Extracted entries Start Marker
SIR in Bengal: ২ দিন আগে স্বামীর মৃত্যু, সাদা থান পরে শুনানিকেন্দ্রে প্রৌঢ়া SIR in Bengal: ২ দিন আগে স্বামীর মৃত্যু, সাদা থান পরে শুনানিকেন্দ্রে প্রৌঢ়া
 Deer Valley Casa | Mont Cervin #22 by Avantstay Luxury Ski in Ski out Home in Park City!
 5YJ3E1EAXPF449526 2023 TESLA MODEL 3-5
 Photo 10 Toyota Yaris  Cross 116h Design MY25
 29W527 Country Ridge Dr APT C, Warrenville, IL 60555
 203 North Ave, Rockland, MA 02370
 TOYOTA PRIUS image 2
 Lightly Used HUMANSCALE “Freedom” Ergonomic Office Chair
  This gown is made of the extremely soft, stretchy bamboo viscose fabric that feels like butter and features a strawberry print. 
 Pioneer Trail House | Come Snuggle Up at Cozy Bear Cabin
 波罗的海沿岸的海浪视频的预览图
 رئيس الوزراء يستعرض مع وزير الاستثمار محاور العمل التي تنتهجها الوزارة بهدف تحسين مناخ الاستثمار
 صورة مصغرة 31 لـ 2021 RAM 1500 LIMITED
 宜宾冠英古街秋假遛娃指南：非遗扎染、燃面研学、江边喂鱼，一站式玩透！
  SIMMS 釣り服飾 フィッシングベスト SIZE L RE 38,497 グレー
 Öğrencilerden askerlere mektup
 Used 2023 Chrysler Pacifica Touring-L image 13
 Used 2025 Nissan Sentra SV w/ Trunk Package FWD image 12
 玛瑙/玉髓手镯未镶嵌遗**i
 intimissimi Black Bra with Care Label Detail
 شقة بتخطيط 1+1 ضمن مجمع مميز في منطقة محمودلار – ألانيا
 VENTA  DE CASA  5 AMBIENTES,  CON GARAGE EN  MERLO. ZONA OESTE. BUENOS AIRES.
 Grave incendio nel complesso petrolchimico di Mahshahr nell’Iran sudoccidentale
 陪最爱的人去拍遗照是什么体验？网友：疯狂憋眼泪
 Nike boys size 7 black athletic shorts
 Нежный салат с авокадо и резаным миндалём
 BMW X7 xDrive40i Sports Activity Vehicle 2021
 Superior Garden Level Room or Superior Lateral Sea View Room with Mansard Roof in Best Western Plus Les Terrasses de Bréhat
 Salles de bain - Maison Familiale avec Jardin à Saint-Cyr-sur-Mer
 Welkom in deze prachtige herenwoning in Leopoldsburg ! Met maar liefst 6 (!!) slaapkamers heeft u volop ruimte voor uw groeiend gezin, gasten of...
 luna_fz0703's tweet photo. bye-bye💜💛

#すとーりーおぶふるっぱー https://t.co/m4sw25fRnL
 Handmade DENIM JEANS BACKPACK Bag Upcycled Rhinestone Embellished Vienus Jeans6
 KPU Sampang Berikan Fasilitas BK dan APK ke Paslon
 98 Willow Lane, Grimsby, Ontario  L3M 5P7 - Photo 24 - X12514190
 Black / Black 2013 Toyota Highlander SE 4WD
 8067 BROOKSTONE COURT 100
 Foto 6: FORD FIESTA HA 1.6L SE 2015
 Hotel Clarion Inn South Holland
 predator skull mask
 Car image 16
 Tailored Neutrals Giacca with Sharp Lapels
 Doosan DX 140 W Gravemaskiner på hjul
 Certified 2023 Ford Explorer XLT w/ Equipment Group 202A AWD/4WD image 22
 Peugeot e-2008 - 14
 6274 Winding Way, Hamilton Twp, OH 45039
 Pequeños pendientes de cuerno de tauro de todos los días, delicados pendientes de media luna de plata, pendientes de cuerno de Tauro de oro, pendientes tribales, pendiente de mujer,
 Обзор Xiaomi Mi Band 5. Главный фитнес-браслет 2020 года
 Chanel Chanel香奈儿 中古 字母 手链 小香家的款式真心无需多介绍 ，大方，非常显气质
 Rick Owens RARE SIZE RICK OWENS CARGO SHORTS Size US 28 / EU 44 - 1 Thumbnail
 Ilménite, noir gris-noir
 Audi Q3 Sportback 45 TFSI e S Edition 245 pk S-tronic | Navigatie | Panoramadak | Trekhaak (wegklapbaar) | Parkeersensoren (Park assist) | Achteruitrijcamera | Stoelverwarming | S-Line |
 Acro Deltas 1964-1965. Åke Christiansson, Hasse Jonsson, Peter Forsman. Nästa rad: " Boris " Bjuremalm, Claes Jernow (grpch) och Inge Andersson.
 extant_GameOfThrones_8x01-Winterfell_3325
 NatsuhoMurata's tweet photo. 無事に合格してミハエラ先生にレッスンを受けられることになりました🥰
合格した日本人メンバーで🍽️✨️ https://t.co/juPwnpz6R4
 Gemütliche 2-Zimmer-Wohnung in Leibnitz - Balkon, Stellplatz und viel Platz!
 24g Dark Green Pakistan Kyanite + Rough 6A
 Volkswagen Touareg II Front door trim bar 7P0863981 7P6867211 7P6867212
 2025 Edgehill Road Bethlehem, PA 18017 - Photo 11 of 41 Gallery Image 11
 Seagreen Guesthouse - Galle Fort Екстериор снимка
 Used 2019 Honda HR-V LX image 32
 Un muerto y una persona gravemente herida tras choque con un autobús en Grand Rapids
Extracted entries End Marker
■ What is being asked ■
Find all the lines with "tweet" in the data and copy them.

■ Result ■
 luna_fz0703's tweet photo. bye-bye💜💛
 NatsuhoMurata's tweet photo. 無事に合格してミハエラ先生にレッスンを受けられることになりました🥰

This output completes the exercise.